Every line of the entries below from the one containing "Cadeaux souvenirs Trophée" to the one containing "Vintage Dark Navy", both ends included, must be written out exactly. No other line belongs in the answer.

▶ [Data section]:
- - - - - - -

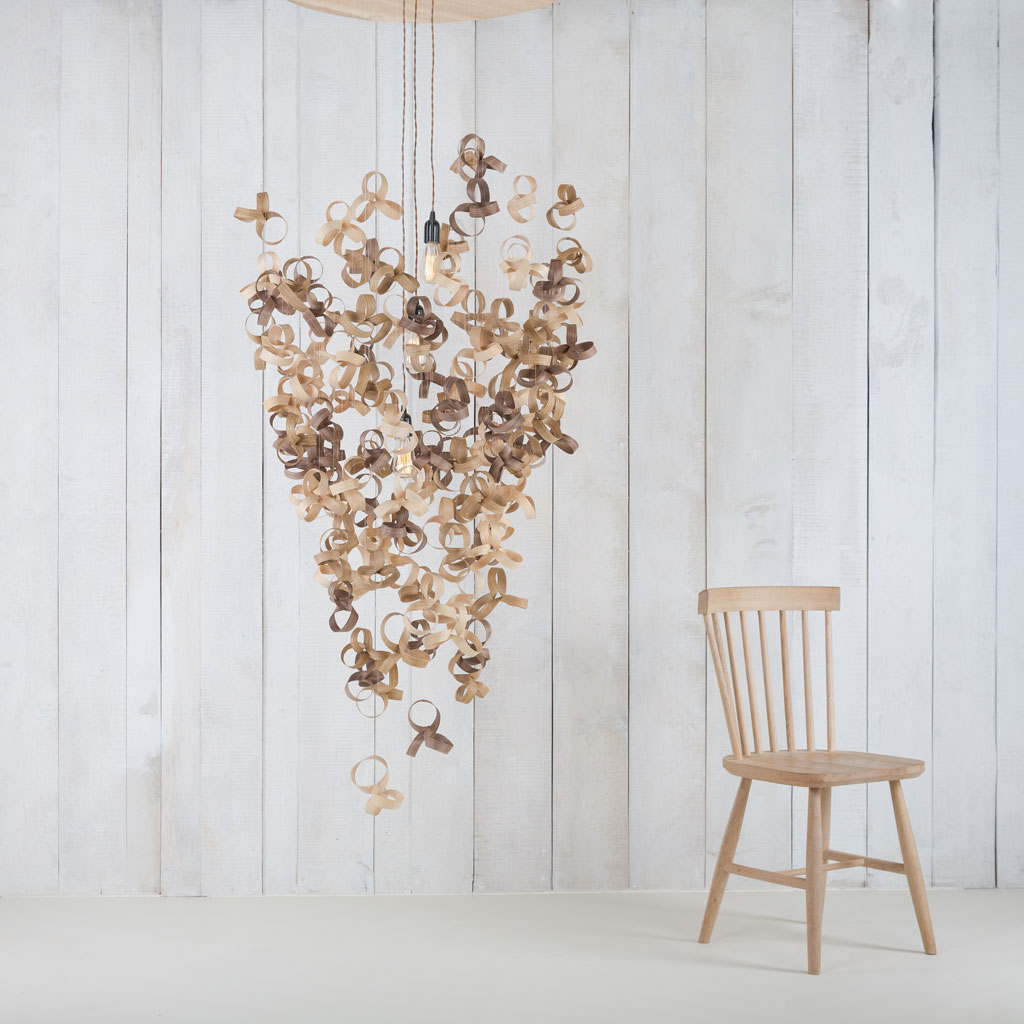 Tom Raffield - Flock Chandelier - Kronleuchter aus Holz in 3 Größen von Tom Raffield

- - - - - - -

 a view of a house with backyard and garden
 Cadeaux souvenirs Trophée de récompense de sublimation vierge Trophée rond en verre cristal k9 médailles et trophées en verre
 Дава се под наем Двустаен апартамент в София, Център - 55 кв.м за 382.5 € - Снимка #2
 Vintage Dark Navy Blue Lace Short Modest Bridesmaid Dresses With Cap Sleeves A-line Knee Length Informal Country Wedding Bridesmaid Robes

- - - - - - -

▶ [Exercise result]:
 Cadeaux souvenirs Trophée de récompense de sublimation vierge Trophée rond en verre cristal k9 médailles et trophées en verre
 Дава се под наем Двустаен апартамент в София, Център - 55 кв.м за 382.5 € - Снимка #2
 Vintage Dark Navy Blue Lace Short Modest Bridesmaid Dresses With Cap Sleeves A-line Knee Length Informal Country Wedding Bridesmaid Robes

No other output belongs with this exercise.